今日だけは雨を降らせてくれ

高校の授業といえば、NHK教育放送の中でも一番間の抜けた番組より面白くないことでお馴染みである。だから俺は授業中の暇つぶしとして本を読むようになった。それまでは本など読まない人生で「お部屋にこもって本を読むような奴はまるで服を脱がないグラビアアイドルのようだ」と思っていた。高校に入ると、修行か拷問のように退屈な授業よりも本(特に小説)の方が面白いと気がついて、僕はしっかり読書をするようになった。

 

ただ、正直なところ僕の読書量はかなり不足しているという印象で、能力が高い方達はもっとたくさん読んでいると思っている。だから今年の目標はアイドルの写真集に穴が空くまで読み込もうと思う。

 

 僕の高校はごく簡潔に表現すると自称進学校である。課題の提出が遅れた者から延滞料金を徴収して、その金でまた新しい教材を買ってくるという恐ろしいシステムがあって、毎晩僕はまぶたにキンカンを塗りながら勉強したものである。

 

当然合格体験記も配られる。先生に盲従して勉強に励めば、試験中に先生が憑依してきて合格できるとか、勉強をやりすぎて疲労骨折してしまったが、痛み止めを飲んで勉強を続けたとか、そういうことが書いてあった。

 

太閤記を読み終わった。豊臣秀吉が天下人になるまでのシンデレレラストーリーである。ちょっと人生の合格体験記みたいなところがあるような気がしないでもない。

 

秀吉と他の武将を対比しながら読んでみると彼が天下人になれた理由、あるいは他の武将(柴田勝家明智光秀織田信長)が天下統一できなかった理由がわかると思う。

 

それから司馬遼太郎の小説を読むと往往にして似たような気持ちを抱く。

 

人生の結末は各々の才能に依存する、よって 人生がハードモードになるかイージーモードになるかは生まれつきほとんど決まっている。

 

才能・能力があれば、不遇の時代が続くかもしれないにせよ、いつかは相応のポジションに収まっていく。

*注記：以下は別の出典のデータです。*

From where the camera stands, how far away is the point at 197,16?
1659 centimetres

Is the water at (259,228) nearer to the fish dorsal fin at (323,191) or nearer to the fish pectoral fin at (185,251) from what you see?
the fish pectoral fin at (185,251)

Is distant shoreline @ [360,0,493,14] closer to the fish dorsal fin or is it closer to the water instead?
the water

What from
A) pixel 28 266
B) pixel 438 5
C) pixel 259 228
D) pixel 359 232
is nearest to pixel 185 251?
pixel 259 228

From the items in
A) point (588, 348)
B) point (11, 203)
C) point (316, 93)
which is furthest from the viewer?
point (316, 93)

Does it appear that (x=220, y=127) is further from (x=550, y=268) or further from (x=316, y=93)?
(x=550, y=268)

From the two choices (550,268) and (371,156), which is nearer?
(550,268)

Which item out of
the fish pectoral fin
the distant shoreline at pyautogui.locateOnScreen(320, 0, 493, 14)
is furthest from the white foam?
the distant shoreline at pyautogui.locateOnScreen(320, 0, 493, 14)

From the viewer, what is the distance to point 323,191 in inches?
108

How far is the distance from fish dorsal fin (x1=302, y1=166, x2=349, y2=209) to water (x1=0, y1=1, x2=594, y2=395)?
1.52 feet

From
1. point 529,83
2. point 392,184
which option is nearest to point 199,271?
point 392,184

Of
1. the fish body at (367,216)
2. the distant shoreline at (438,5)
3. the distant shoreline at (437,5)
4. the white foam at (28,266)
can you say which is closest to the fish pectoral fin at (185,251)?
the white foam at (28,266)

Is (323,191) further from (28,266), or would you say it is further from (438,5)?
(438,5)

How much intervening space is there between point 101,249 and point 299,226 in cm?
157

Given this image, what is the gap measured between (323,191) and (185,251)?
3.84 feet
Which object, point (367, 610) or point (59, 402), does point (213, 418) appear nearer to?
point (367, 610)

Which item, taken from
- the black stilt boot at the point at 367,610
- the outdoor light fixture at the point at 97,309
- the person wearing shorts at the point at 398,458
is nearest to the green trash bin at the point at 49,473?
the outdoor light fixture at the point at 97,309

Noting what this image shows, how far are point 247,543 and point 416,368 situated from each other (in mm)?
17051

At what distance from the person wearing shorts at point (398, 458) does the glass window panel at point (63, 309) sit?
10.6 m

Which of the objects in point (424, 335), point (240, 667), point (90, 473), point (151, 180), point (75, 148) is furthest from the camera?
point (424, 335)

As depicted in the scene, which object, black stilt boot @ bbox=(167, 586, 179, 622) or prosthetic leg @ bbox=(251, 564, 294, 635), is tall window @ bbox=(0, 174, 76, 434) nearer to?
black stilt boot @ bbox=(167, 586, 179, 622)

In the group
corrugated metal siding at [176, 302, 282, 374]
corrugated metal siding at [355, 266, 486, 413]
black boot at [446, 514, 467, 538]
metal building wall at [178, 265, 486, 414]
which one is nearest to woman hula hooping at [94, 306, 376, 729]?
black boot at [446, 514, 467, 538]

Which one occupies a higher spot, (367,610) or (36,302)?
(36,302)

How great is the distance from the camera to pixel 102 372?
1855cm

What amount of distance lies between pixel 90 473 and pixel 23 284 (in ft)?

ぶっちゃけ「年収1000万のビジネスマンは毎朝母親のケツにキスをする」とか「起業するなら札束の枕で眠りなさい」みたいなビジネス書よりも司馬遼太郎歴史小説の方が勉強になる。

 

同じ時期に読んだのが村上龍のオールドテロリストである。老人が衰退し続ける日本に怒りを抱き、テロを起こすというストーリーだった。この小説には現代の上流階級が登場する。例えば高級官僚とか、金が余って仕方がないので止むを得ず月に行くことにしたとかである。そういう人たちの実際の生活が垣間見て、まるで翼を失った飛行機のように金欠の僕は、人生の理不尽さに打ちひしがれて、川へ入水して楽になってしまおうかと思った。

正直なところ、半島を出よとか愛と幻想のファシズムの方がストーリーの綿密さとかリアリティーという点で面白いような気がしている。

 

2ヶ月くらい前に読んだ本なのでちょっと感想をよく思い出せない。ただ優秀な人たちは本をたくさん読んでいて、それぞれの本を自分の視点で解釈していることは事実である。

 

俺様も脳みそ(というか思考能力)を鍛えるためにいっぱい勉強しようと思った。しかし勉強しようと思うだけでは、まるで声を失ったボーカルみたいで意味がない。しっかり勉強の徳を積まなければ、僕は空っぽのタンカーみたいな存在になってしまうだろう。